In Freire’s “The Banking Concept of Education.” He says that a serious issue with the banking concept of learning is the mentality of “the teacher knows everything and the student knows nothing”. While watching Chalk, there was a time when the history teacher “Mr. Stroope” held one of his students after class to talk with her. The teacher asked the student not to know more than him in class. He asked the student to “dumb” down her knowledge of Social Studies, to make the rest of the class feel like he knew it all, he was the one with the brain.
In Gatto’s “Against Schools, How Schools Cripple Our Kids.” He says “I feel I had to defy the custom, bend the law, to help kids break out of the trap of boredom.” Coach Webb seemed to express this same desire. She took her students into a classroom and instead of doing the normal physical education she told them they were going to be trying something different. She then led them into some “awkward’ yoga positions. One kid admitted to feeling “hot and vulnerable” which then caused the class to erupt in laughter and become more engaged in the activity.

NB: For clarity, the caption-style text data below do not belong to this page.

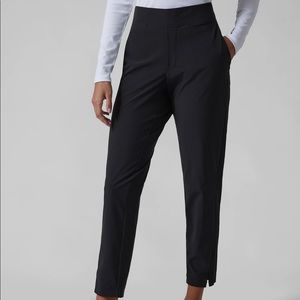 Athlete Brooklyn ankle pant. SO comfy and easy. worn 2x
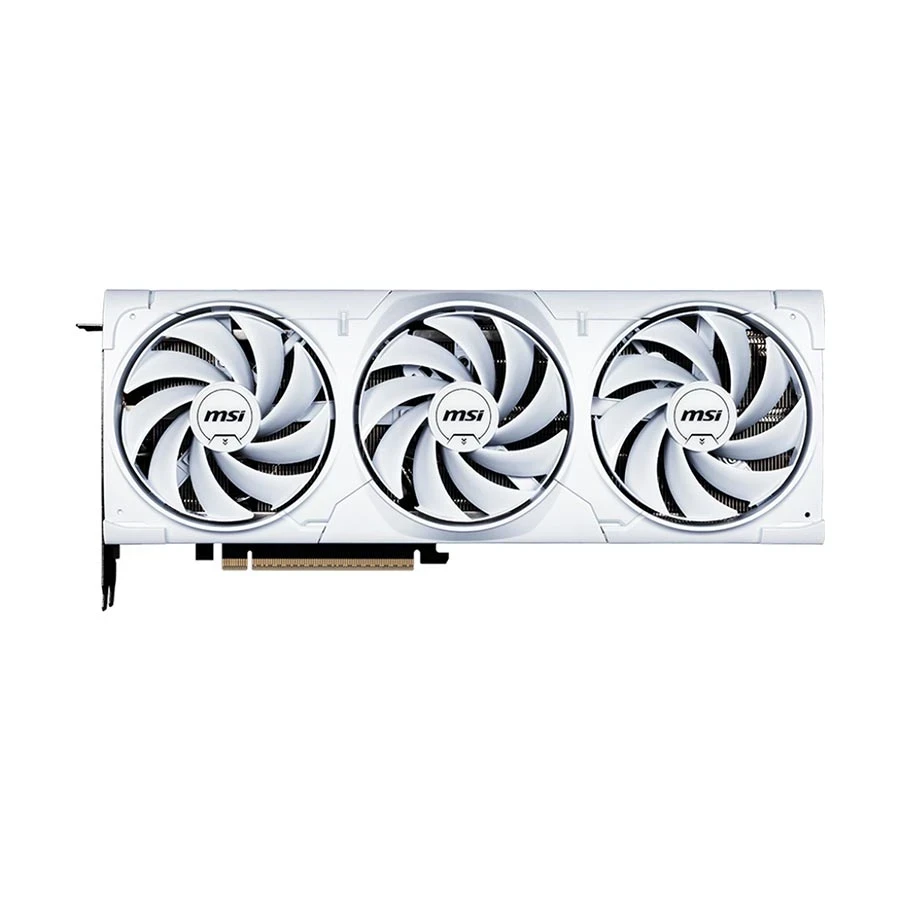 MSI GeForce RTX 5080 16G VENTUS 3X OC WHITE 16GB GDDR7 Graphics Card #G5080-16V3CW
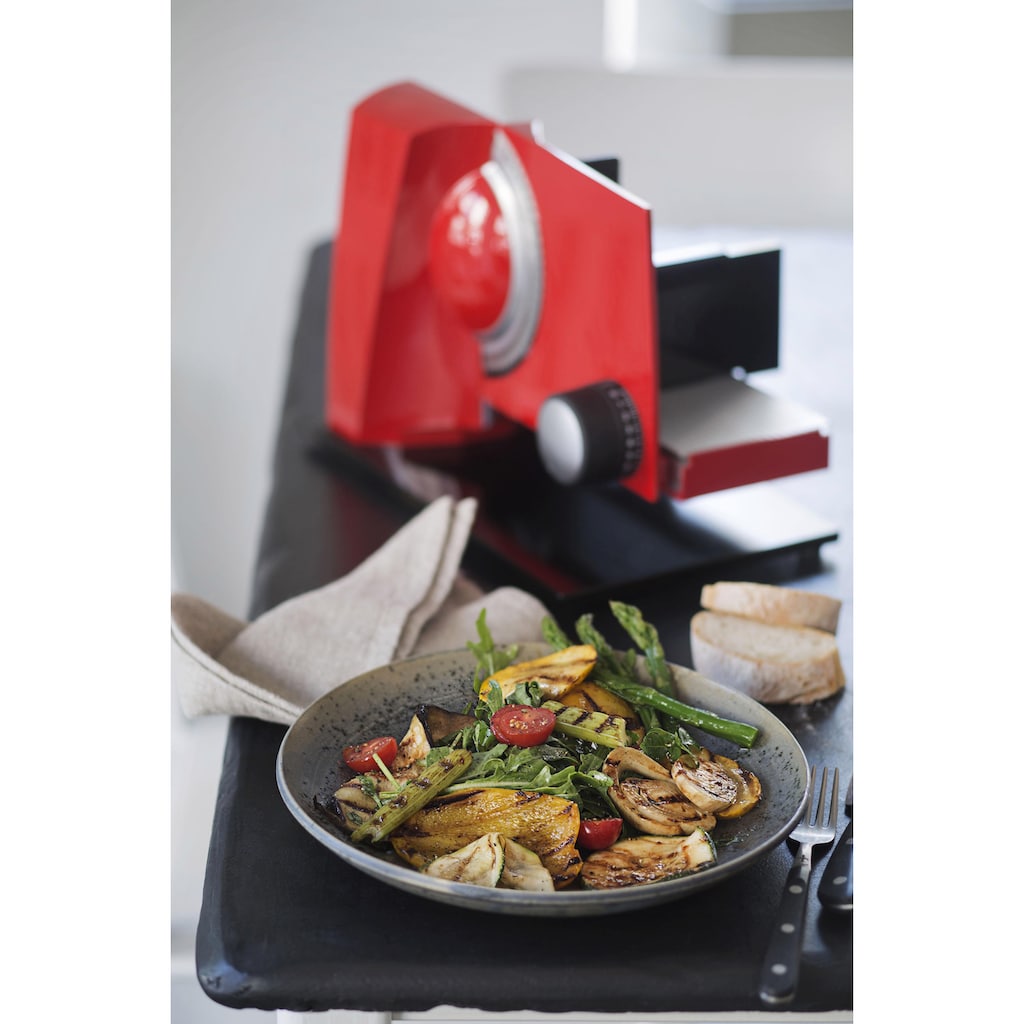 Graef Allesschneider »SLICED KITCHEN SKS S11003«, 170 W, mit Bodenplatte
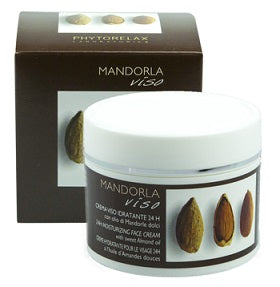 Phytorelax Crema Viso Idratante Mandorla 50 Ml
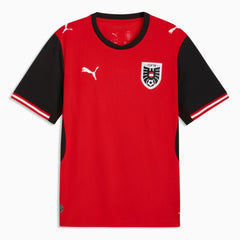 Austria 2026 Men's Stadium Home Soccer Jersey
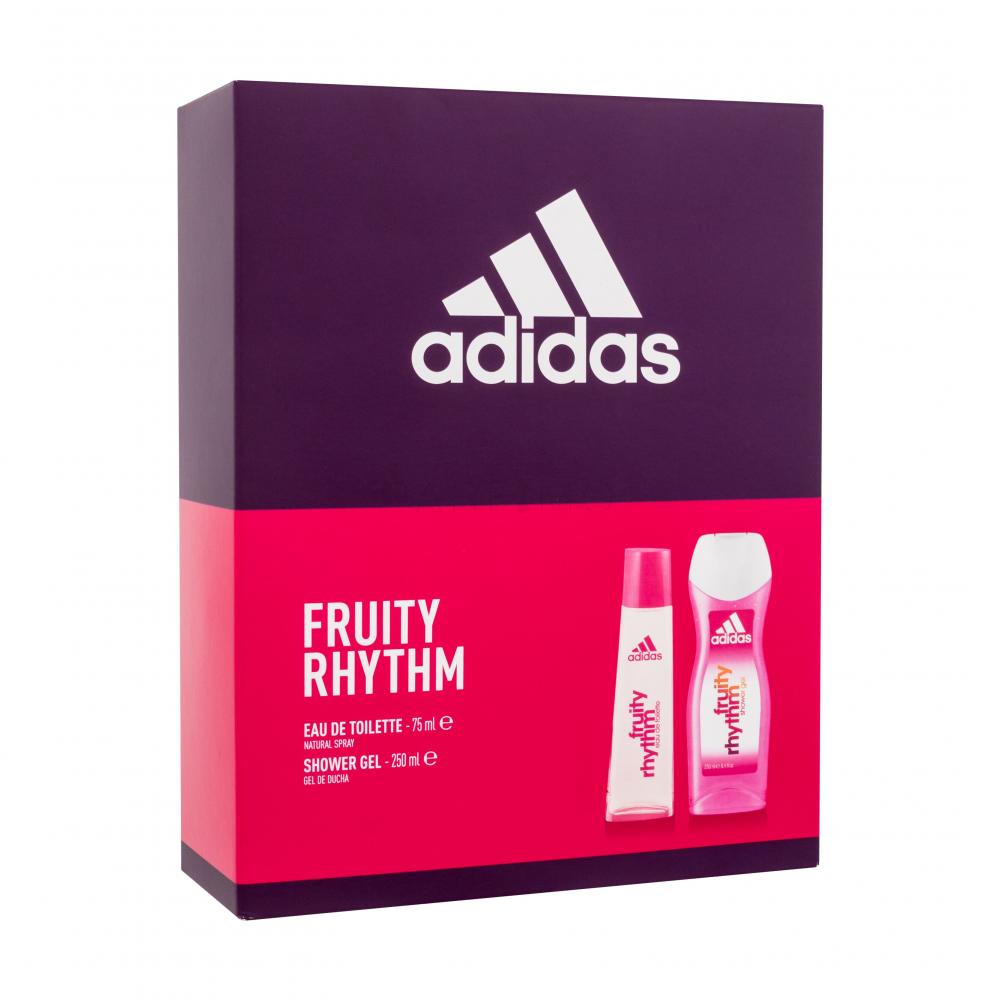 Adidas Fruity Rhythm For Women Ajándékcsomagok Eau de Toilette 75 ml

Thursday, November 21, 2013
Similarities between Garfield high school and Welton academy
Garfeild high school and Welton academy are both extremely
different. Garfield high school is located outside of Los Angeles, and the
students that go there are kind of just pushed through the system. All the
students are taught to the test and nothing beyond that. The teachers aren’t
excited about what they are teaching, so the students really cant get excited
either. The students don’t really have anything to look forward to, so no of
then are motivated to try hard in school. Ofcourse, Mr. Escalante made them
believe they could do better things with their life, but he is a exceptionally
motivating teacher. Welton academy on the other hand is a private all boys
boarding school. The boys are forced to think about school 24/7, and they are
also expected to do very well. Welton academy is very traditional and by
looking at the way the students are dressed, you can tell the school is top of
the line. Mr. Keating and Mr. Escalante
attempted to change the good/bad images of these schools.
Monday, November 18, 2013
Mr. Escalante vs. Mr. Macfarland
After reading Mike Rose’s essay I would say that Mr.
Escalante and Mr. Macfarland are very similar. It seems like both teachers push
their students to work their very hardest by assigning them homework everyday,
and constantly testing their skills. I think Mr. Macfarland was the stricter of
the two teachers, and he assigned much more work then Mr. Escalante. But, I think
Mr. Escalante was also more one on one than Macfarland. Both teachers had a lot
of times where they would help students outside of the classroom, and that is a
rare quality to find these days in a teacher. Most teachers don’t get paid
enough nowadays to even bother with the students outside of school hours. Both
of these teachers really had a personal interest in their student’s grade, and
personal life. Mr. Macfarland and Mr. Escalante both are extremely good
teachers, with slightly different teaching methods
Is Mr. Escalante a good teacher? (Catching up)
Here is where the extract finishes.